== Task goal ==
Here is a listing, set out below; repeat its lines from the one with "Welcome to Dan" to the last, both included, and leave out the pictures.

== Information provided ==
━━━━

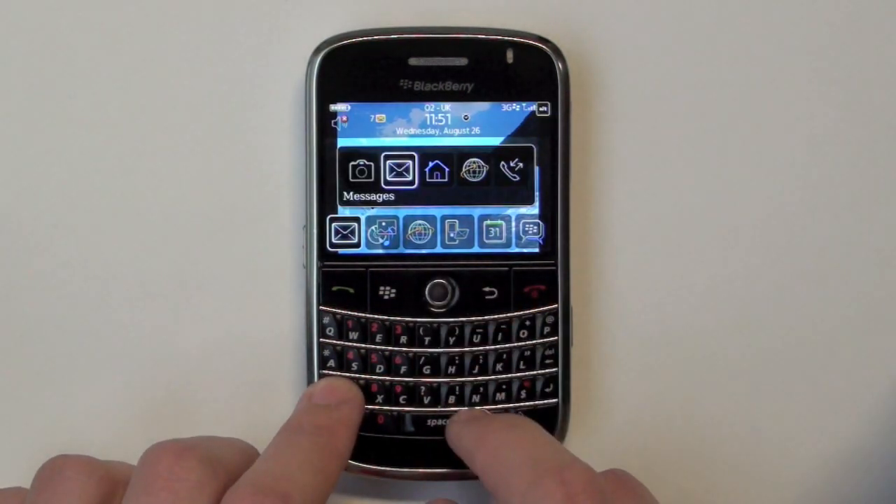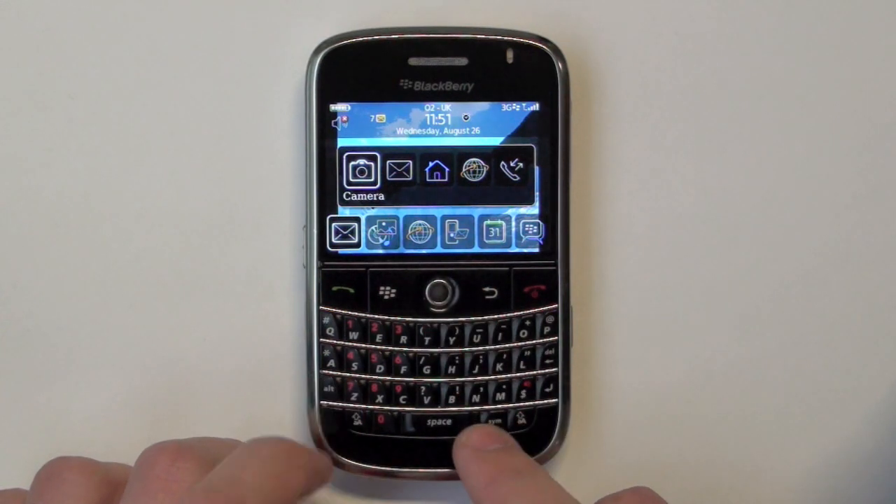You can do this for as many other applications as you like, which will improve the performance of your BlackBerry.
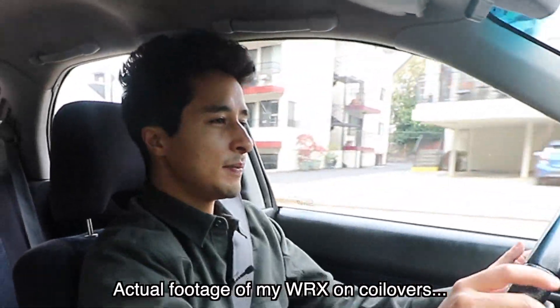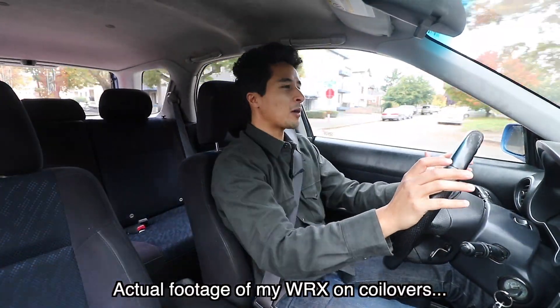Sometimes I get out of my WRX and it feels like I need to go to physical therapy because the coilover suspension is so stiff. You can do whatever you want, but I would highly recommend for anybody considering a cheap, reliable daily driver to go out and do it — it's really going to change everything for you. Anyway, thanks for watching, make sure to subscribe for more, and I'll see you in the next one.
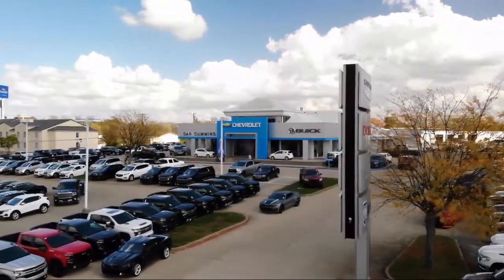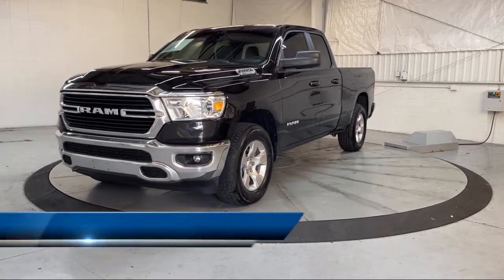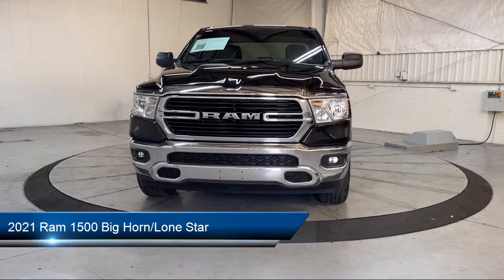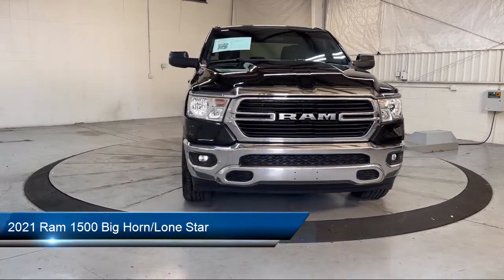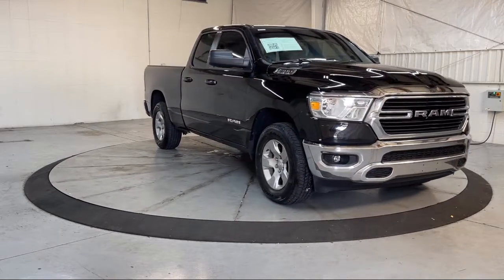Welcome to Dan Cummins of Georgetown, and here's a look at one of our many great vehicles for sale. It comes equipped with chrome bumpers, heated door mirrors, leather steering wheel with auto tilt-away, keyless entry, park view, and rear backup camera.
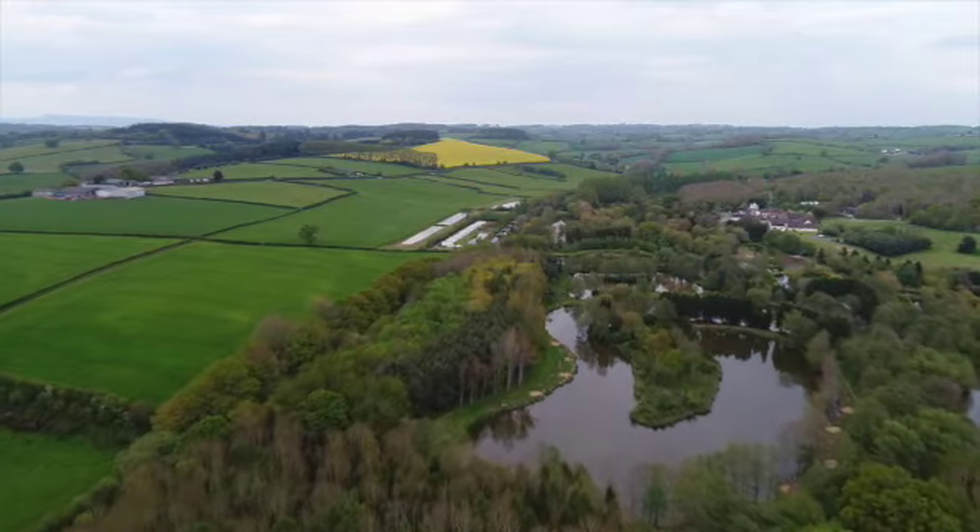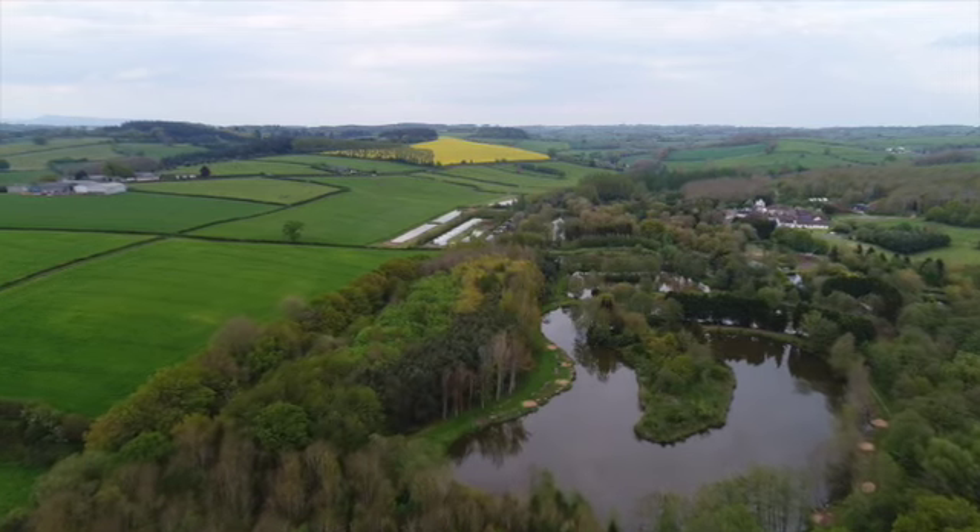Well, here we are today at Docklow, and I've spent many many hours here over the years fishing for all sorts of species. I was one of the first to fish this lake in the early 90s when it was dug, and since it was dug it has become one of the most beautiful lakes that I can fish.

━━━━

== Result of the task ==
Welcome to Dan Cummins of Georgetown, and here's a look at one of our many great vehicles for sale. It comes equipped with chrome bumpers, heated door mirrors, leather steering wheel with auto tilt-away, keyless entry, park view, and rear backup camera.
Well, here we are today at Docklow, and I've spent many many hours here over the years fishing for all sorts of species. I was one of the first to fish this lake in the early 90s when it was dug, and since it was dug it has become one of the most beautiful lakes that I can fish.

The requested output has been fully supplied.